- [EXCERPTED RECORDS]
= Beginning of Section =

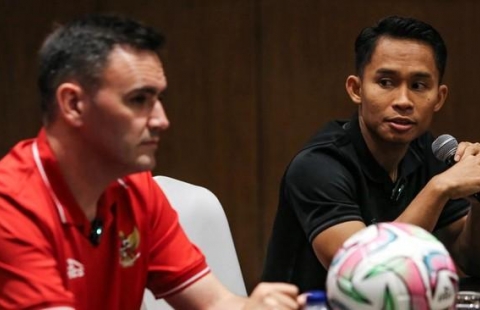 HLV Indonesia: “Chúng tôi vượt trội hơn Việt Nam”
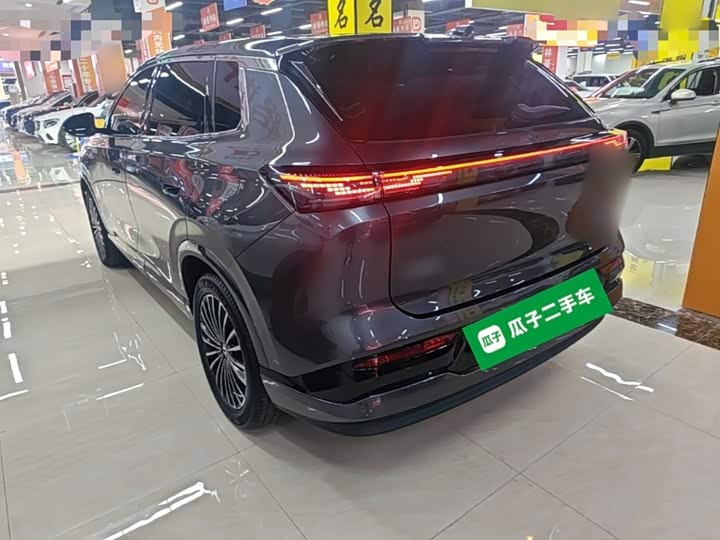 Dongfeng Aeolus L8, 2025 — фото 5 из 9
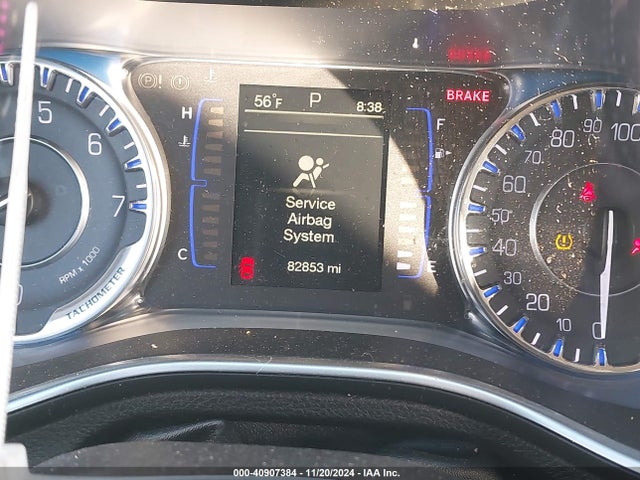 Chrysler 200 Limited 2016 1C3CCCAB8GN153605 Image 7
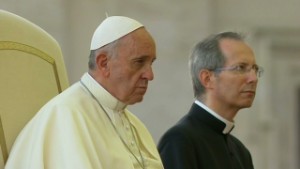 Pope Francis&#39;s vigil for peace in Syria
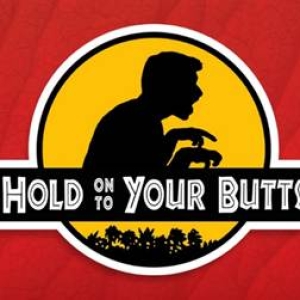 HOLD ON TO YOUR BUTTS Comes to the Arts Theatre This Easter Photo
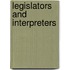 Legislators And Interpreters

= End of Section =
= Beginning of Section =

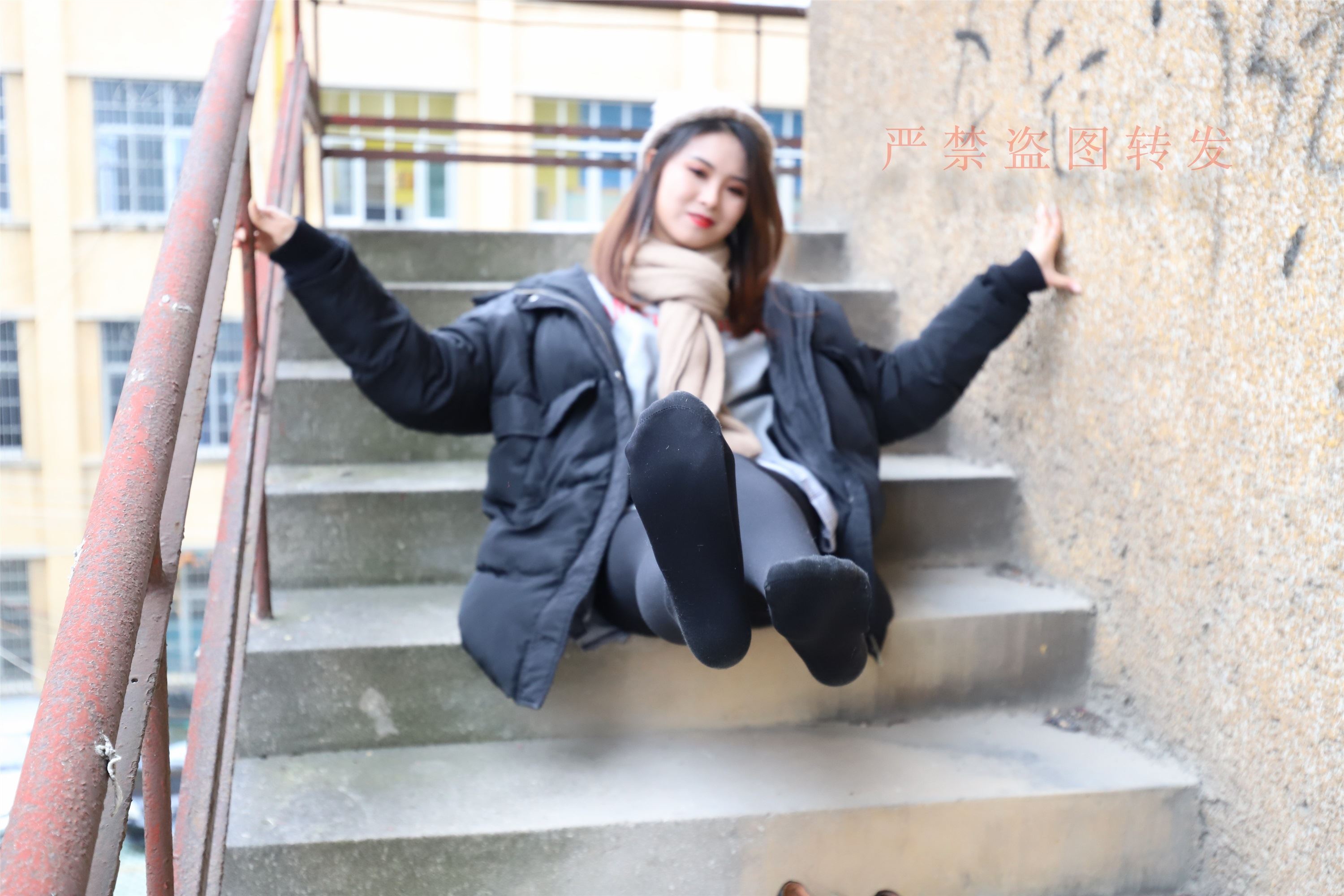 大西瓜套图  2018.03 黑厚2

= End of Section =

- [TASK DIRECTIONS]
Pictures excluded, give again exactly and only the lines of the material above from the line with "Dongfeng Aeolus L8, 2025 — фото 5 из 9" through the line with "Legislators And Interpreters".

- [WRITTEN RESPONSE]
 Dongfeng Aeolus L8, 2025 — фото 5 из 9
 Chrysler 200 Limited 2016 1C3CCCAB8GN153605 Image 7
 Pope Francis&#39;s vigil for peace in Syria
 HOLD ON TO YOUR BUTTS Comes to the Arts Theatre This Easter Photo
 Legislators And Interpreters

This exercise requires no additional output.